The Worcester News has got a name ban lifted on a six-month-old baby at the centre of a child neglect case following a court challenge by one of its senior reporters.
It meant the News could name Paul Raymond and Melissa Medakovich, who appeared before the Worcester Magistrates Court charged with being in custody of the baby and causing it to be mistreated, assaulted or neglected.
Raymond, 25, and Medakovich, 19, both entered no pleas to the charge, which relates to the two being in care of baby Rio Medakovich. The Crown Prosecution Service had applied for a Section 39 order to be imposed on the baby, which would have banned the identity of the child in the press. This would have effectively prohibited the identification of the parents.

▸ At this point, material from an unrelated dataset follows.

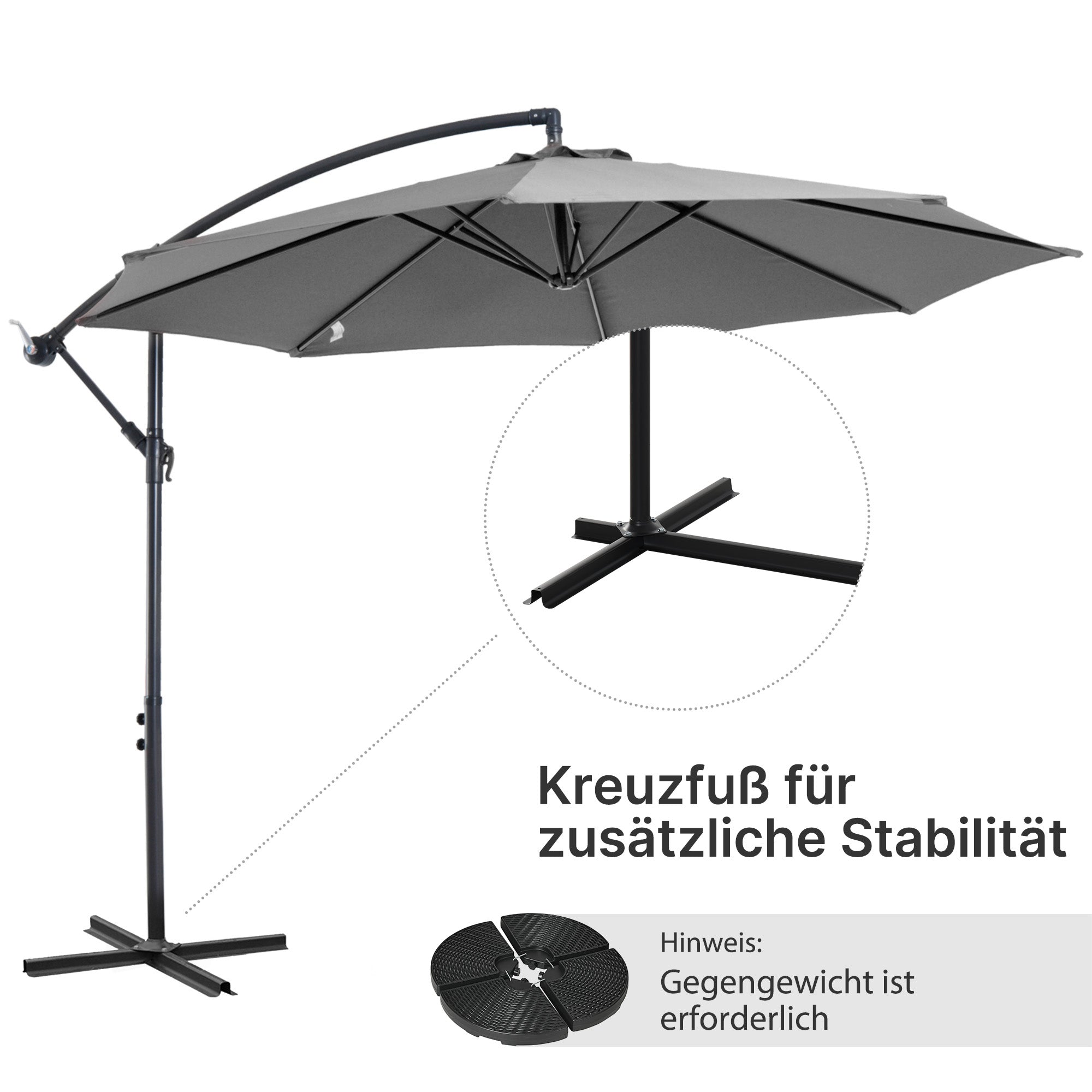 Outsunny Sonnenschirm mit Handkurbel Wetterbeständig  2,95 m x 2,95 m x 2,45 m Polyester Stahl Schwarz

Magistrates refused it following a successful appeal by senior reporter Joby Mullens who cited the case of his former paper, The Banbury Guardian, which persuaded magistrates in 2000 to lift a Section 39 order banning the identification of a child’s father who had pleaded guilty to being drunk in charge of a child.
The paper argued the order would only have protected the identity of the defendants and the child was too young to be named. Mullens said that this was a similar case where the child was too young to be prejudiced by the publicity.
Worcester News editor Stewart Gilbert said: "This was another case of the CPS not following its own guidelines — and those contained in the Justices Guide. Luckily we had a sharp reporter in court and once he brought the legal precedent to the attention of the magistrates they swiftly agreed not to place the Section 39 order."
The case against the pair was adjourned until Friday, 17 February.